WHAT TO PRODUCE:
A word-for-word copy of the data is what's wanted, with no pictures.

COLLECTED MATERIAL:
__________________________________________________
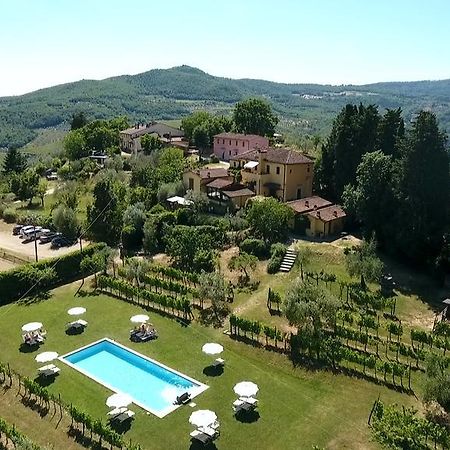 Podere Il Poggiolo Понтассьєве Екстер'єр фото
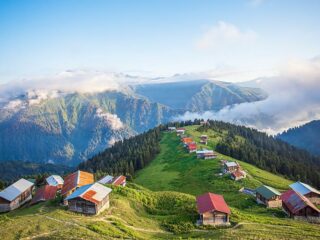çamlıhemşin dağ evleri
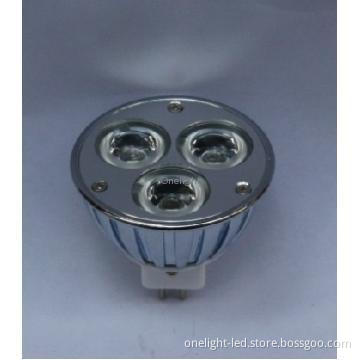 Led Spotlights-MR16-3*1W bulbs,energy saving lamps with long lifespan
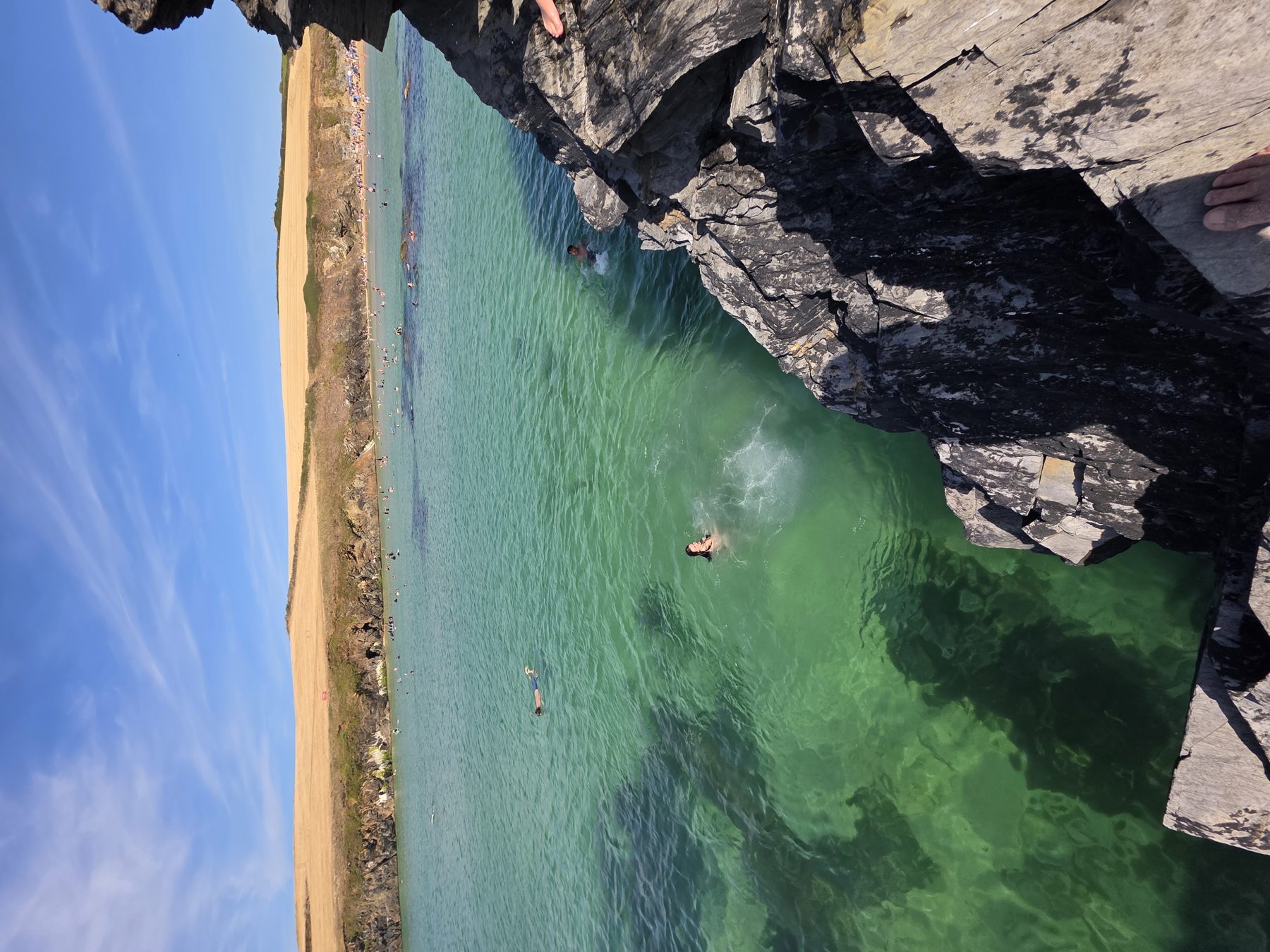 Trevone bay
__________________________________________________
COMPLETED TASK:
 Podere Il Poggiolo Понтассьєве Екстер'єр фото
çamlıhemşin dağ evleri
 Led Spotlights-MR16-3*1W bulbs,energy saving lamps with long lifespan
 Trevone bay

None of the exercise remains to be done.